Later, one of the thugs committed an act of emesis on our front porch! Said fellow had complained of being "hung over like a [expletive] pig" all day. 'Twas a sad coda to a day of genuine progress for Dorrie's project.

But, in a true "silver lining" of a moment, Dorrie bade "Raydon" to mop up the outpour. How that gay blade grumbled in protest! Yet, I must admit, he did a superb job of elimating stain, spillage and odor. Should his design "racket" hit a reef, "Raydon" has a promising career ahead as a custodian!

In "otros palabros" (that is Spanish for 'other news'), young Raphael visited our household the day after Christmas. Upon his arrival, I proudly presented him with my hand-picked gift.

Dorrie brought the lad a hot mug of Velvet Fog, which he thoroughly enjoyed as he nervously unwrapped his gift parcel. "Revistas!" he cried with surprise. Raphael sniffed the bronzed vintage newsprint. He smiled. "¡Estos son revistas muy viejos, Señor Mason!"

Raphael apologized with a smile. "By this I mean... these are very aged! They must be quite rare!"

"They are yours to enjoy, Raphael," I said with warmth. "It would appear you are already a student of--did you call them 'revisas?'"

"Revistas, Señor Mason! And, si, I am most fond of these! They are most popular in my home town!"

I explained that this gift was twofold: both as an expression of my warmth and friendship for young Vazquez, and as an educational aid. "By reading these stories, you shall develop more of an ear for American speech. I sincerely feel these, er, revistas will enable you to better take your rightful place in American society!"

Tears formed in Raphael's eyes. Then he reached across the coffee table and hugged me. "You are truly my friend," he said.

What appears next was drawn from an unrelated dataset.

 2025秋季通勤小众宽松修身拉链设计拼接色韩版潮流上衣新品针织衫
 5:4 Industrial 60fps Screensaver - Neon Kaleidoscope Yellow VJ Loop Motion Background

Raphael stayed for dinner. Many times he asked Dorrie if such foodstuffs were to be served at her imminent bistro. Her positive answers further delighted him. "I will bring all my friends and relatives to dine here!"

Thus, there is new hope in the horizon for this youth. I trust it shall be a positive experience--one that enables him to find his American destiny!

My return to work on Monday was dreary. The sky opened up and rain poured mercilessly upon my fellow commuters. I welcomed the escape from the construction brutes and from "Raydon." I still had much back-work to collate, approve and file.

My team members looked haggard and gaunt. Unlike my quiet, contemplative New Year's Eve, theirs were ribald, distaff and, from their piquant descriptions, violently emetic as well.

Ah, the follies of youth! When I hear such tales of debauchery, I take comfort in my advancing years, and in the calm of my life. 2010 promises to be another year of panelological pleasures and life contentment for myself.

May it be thus for you, my internet friends!

I shall return soon with more gilded offerings from the pages of Science Comics!